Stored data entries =

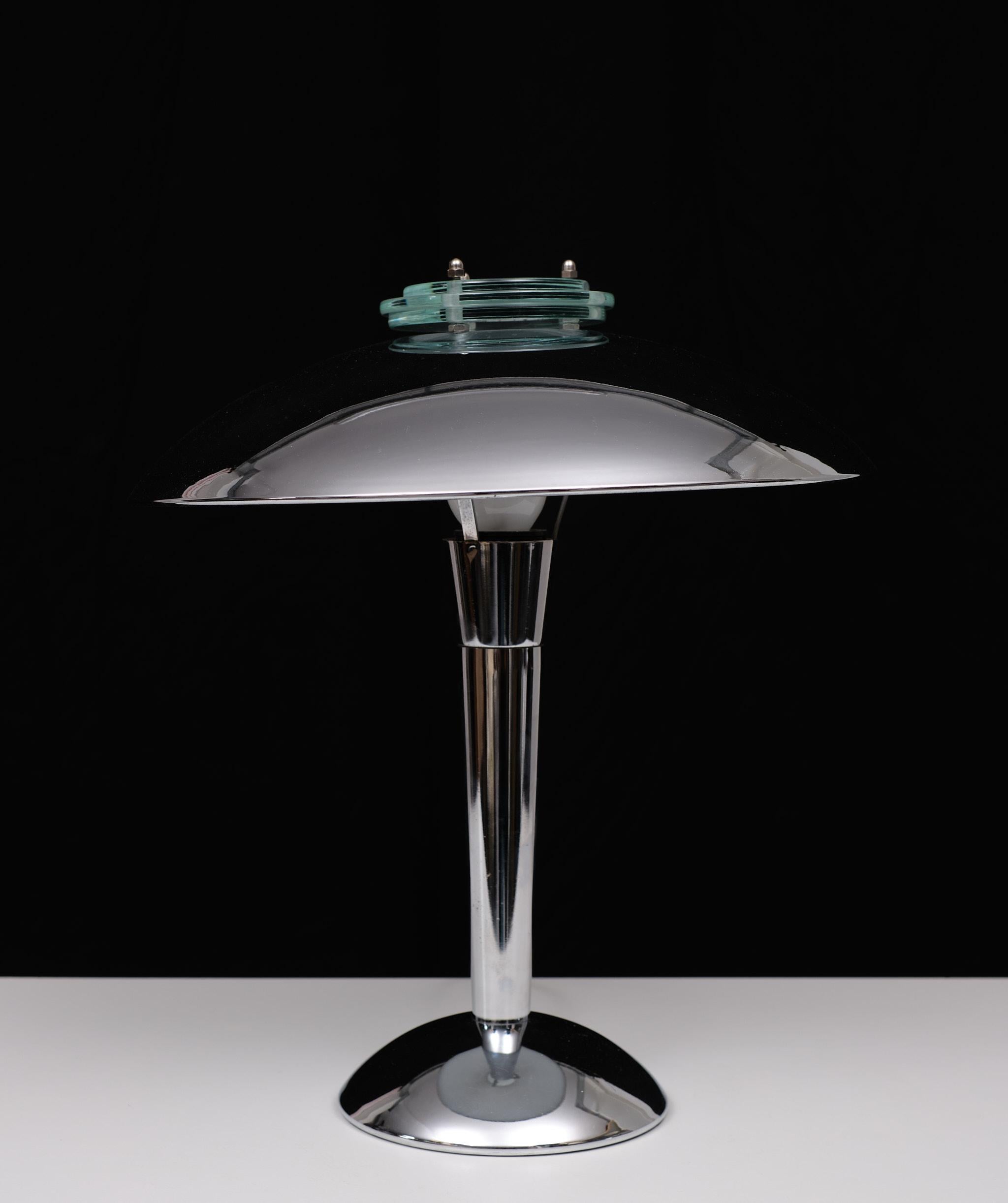 Tokyo Bauhaus Chrome table lamp  1980s Japan  For Sale 3
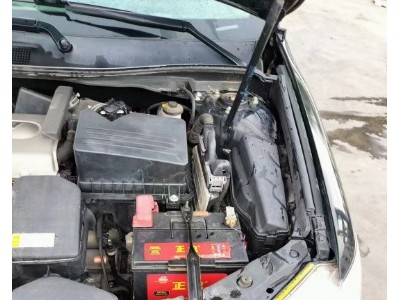 12年丰田凯美瑞小型车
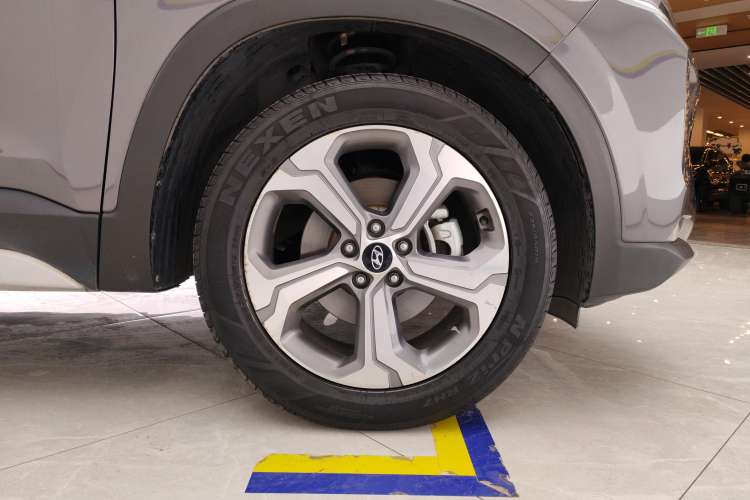Used Hyundai Santa Fe 2020 380 TGDi Automatic Two-Wheel Drive DLX Prestige Edition Left Front Wheel Hub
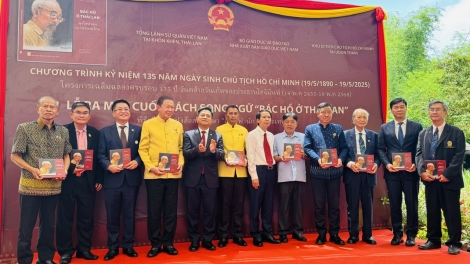 Ra mắt cuốn sách song ngữ “Bác Hồ ở Thái Lan” tại Udon Thani, Thái Lan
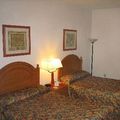 Bay Inn & Suites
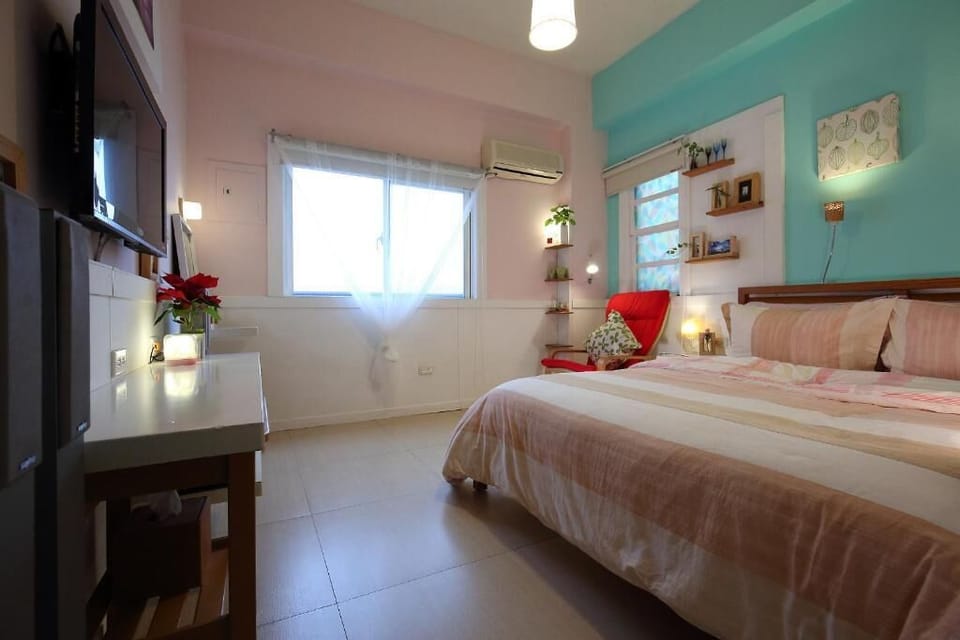 Double Room (Water) | Desk, blackout drapes, soundproofing, free WiFi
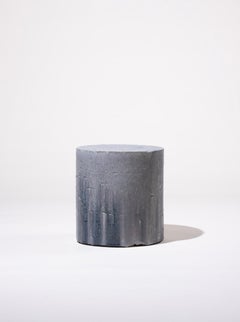 Tabouret d'appoint contemporain en céramique émaillée gris cobalt texturé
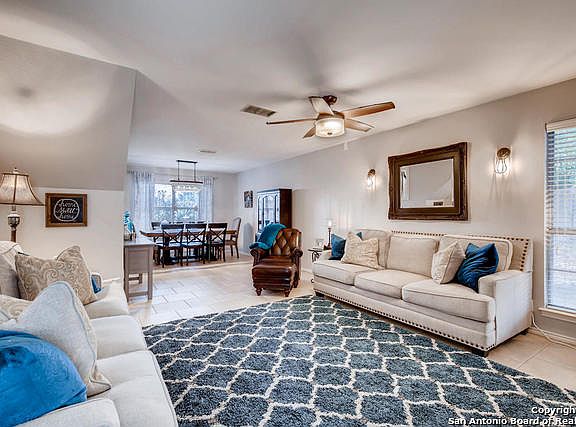 5th image of 6134 Oakwood Trl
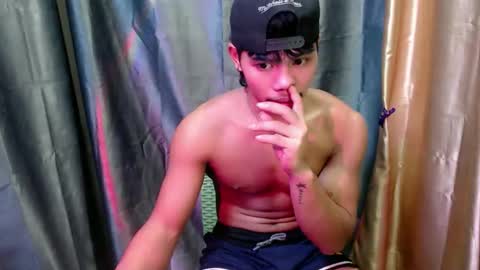 Snapshot of pinoy_fuckboy69 chatting on 05/05/26, 04:26 pinoy_fuckboy69 online show from 05/05/26, 04:26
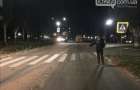 На пешеходном переходе в Покровске грузовик сбил 23-летнюю девушку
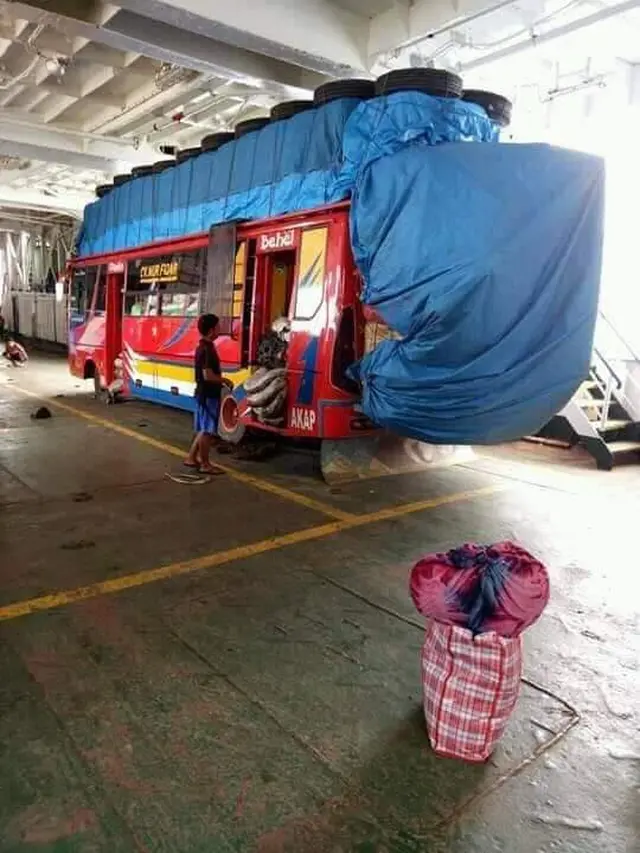 7 Potret Bus Angkut Muatan Banyak Ini Bikin Geleng Kepala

Exercise instructions =
Leave every picture out and return exactly the lines from the one holding "Snapshot of pinoy_fuckboy69" through the end of the records above, both ends included, and nothing more.

Solution for this exercise =
 Snapshot of pinoy_fuckboy69 chatting on 05/05/26, 04:26 pinoy_fuckboy69 online show from 05/05/26, 04:26
 На пешеходном переходе в Покровске грузовик сбил 23-летнюю девушку
 7 Potret Bus Angkut Muatan Banyak Ini Bikin Geleng Kepala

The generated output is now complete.